Becoming a Government Supplier

    Becoming a Government Supplier

    In an effort to recognise small and medium-sized enterprises as crucial to the success of the British economy, the government has developed an initiative to ensure that businesses are given the opportunity to grow and expand by becoming a government supplier. In a new ‘Government is Open for Business’ campaign, it pledges to spend one third of its commercial budget for goods in services with SMEs by 2020.

    Emma Jones, the newly appointed Small Business Crown Representative, spoke to Global Britain about the initiative. ‘It’s a campaign to focus minds on the government target to spend £1 in every £3 with small businesses by 2020,’ she told us. ‘The campaign is external in terms of promoting the opportunity of selling to government to small businesses, and internal in that it offers guidance to government buyers on how best to engage with SMEs and ease the procurement process.’

    This campaign gives the government means to actively help small businesses grow. ‘One of the finest ways in which government can support small business growth is through procurement i.e. offering a sales route.

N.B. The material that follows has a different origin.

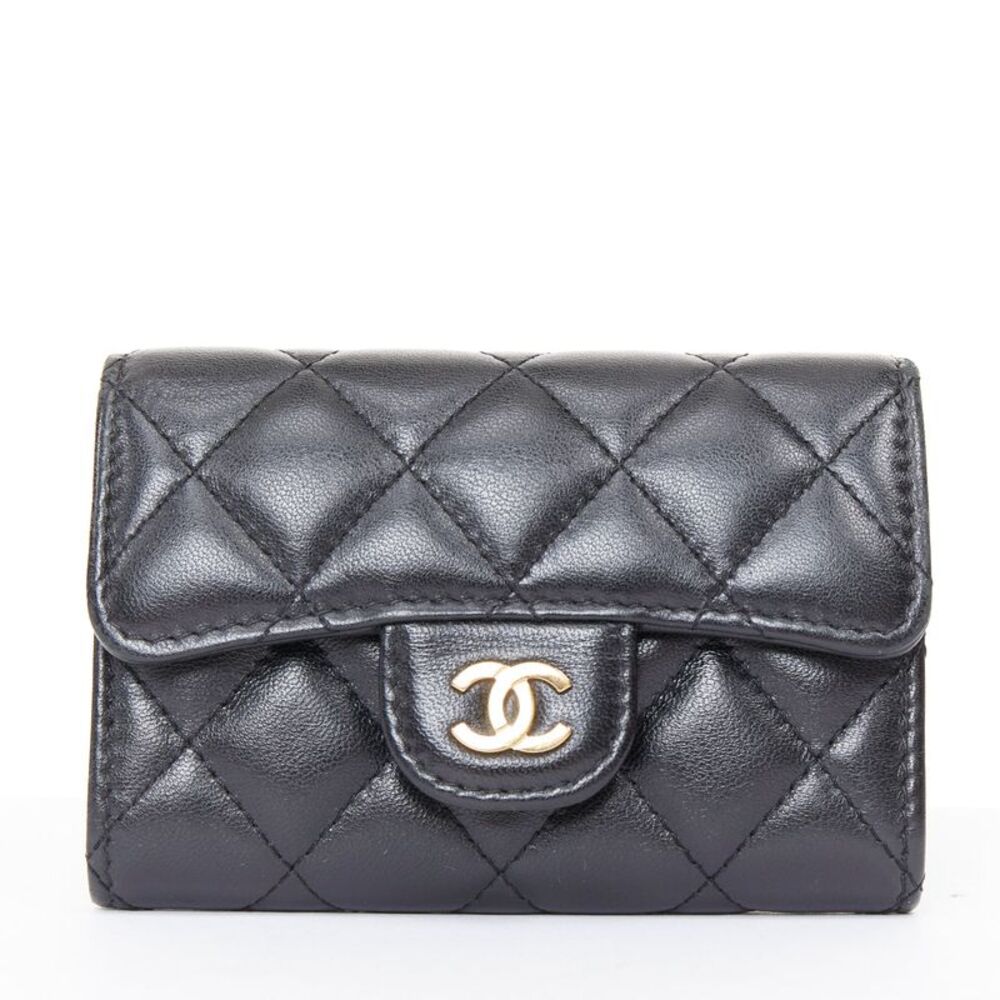 Chanel Black Leather Classic Flap CardHolder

In addition, the government has recently published its Industrial Strategy setting out a position on supporting businesses to scale through exports, innovation and access to finance. There’s also an Entrepreneurship Review about to get underway which may uncover further opportunities,’ Jones said.

    So what exactly are the benefits of becoming a government supplier? ‘There are many!’ Jones said. ‘Selling to government delivers a new revenue line, credibility with other customers, and prompt payment, as government pays 80 percent of undisputed invoices within five days and 100 percent within 30 days.’

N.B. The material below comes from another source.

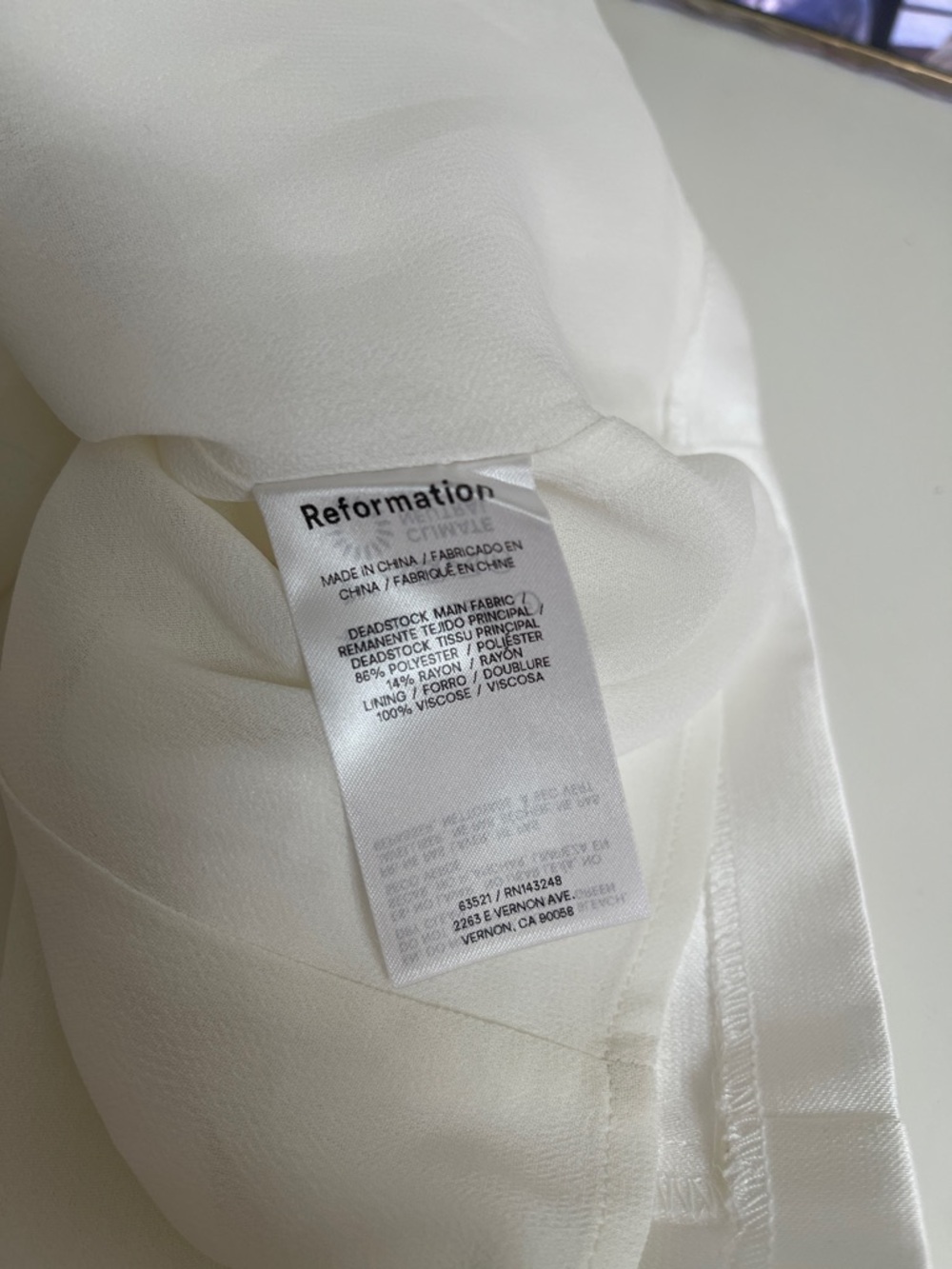 REFORMATION Anakin Satin White Mini Dress Size 8 - Picture 8 of 8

    Businesses who have become government suppliers have seen remarkable increases in their revenues and expansions in their workforce as a result of winning government contracts. Property consultancy Montagu Evans, for example, have increased their annual turnover from £26.5 million in 2012 to £40 million today as a result of winning a contract on the government EPS Framework project.

    Working with the government

    The government hosts its tender opportunities on the Official Journal of the European Union (OJEU), and it is only by responding to these alerts that businesses may tender to become a supplier with the government. Businesses will only be awarded a position on the contract agreement once they have been successful in the OJEU tender process.

    Businesses should identify whether they want to work directly with the government, or to sell via one tier suppliers, recommends Jones, as this will influence their next steps. ‘If selling to government direct, source opportunities on Contracts Finder (the single platform where all contracts valued over £10,000 appear), meet buyers at supplier events and when it comes to completing tenders, study what the buyer is after and follow the exact guidance set out in the Invitation to Tender,’ Jones explains. ‘If the approach of selling via tier one suppliers is your preferred option, identify which large contractors are winning business through sourcing information on contract portals which show who has won bids, and approach them with how you could add value in their supply chain.’ The government updates its procurement pipeline on a daily basis and, besides Contracts Finder, businesses can register for Tender Electronic Daily (TED) alerts, too.

    Recent studies have shown that the government (or public sector procurers) view SMEs as flexible and quick to react to opportunities in comparison to large companies, offering alternative options and better prices for services. To become a government supplier, it is important to reflect this perception of your business from the offset. Use pre-market engagements (such as newsletters) to answer questions that procurers have, and show evidence that you offer value for money. Be careful to evidence your company’s strengths and highlight how it will be best able to complete the project. If this is your first time submitting a tender to the government, consider asking for professional advice before completing the paperwork.

    Currently, there are no charges or joining fees to show interest in becoming a supplier. In addition, suppliers will only need to pay an average of 0.33 percent commission based on the value of sales made through an agreement.

    Tips on winning government contracts

    Taking the time to research is crucial to becoming a government supplier. The government provides a wealth of literature and information in blog posts, guides, webinars and case studies.

    The government suggests signing up for email alerts, monitor PINs and registering interest in future procurements. Businesses should make a point of attending information days and register with the government’s eSourcing tool to be in the loop with future opportunities.

    Businesses may not be successful in their tender, particularly with first time applications. ‘If at first you don’t succeed, ask for feedback as this will highlight areas for improvement in your next attempt,’ Jones advises.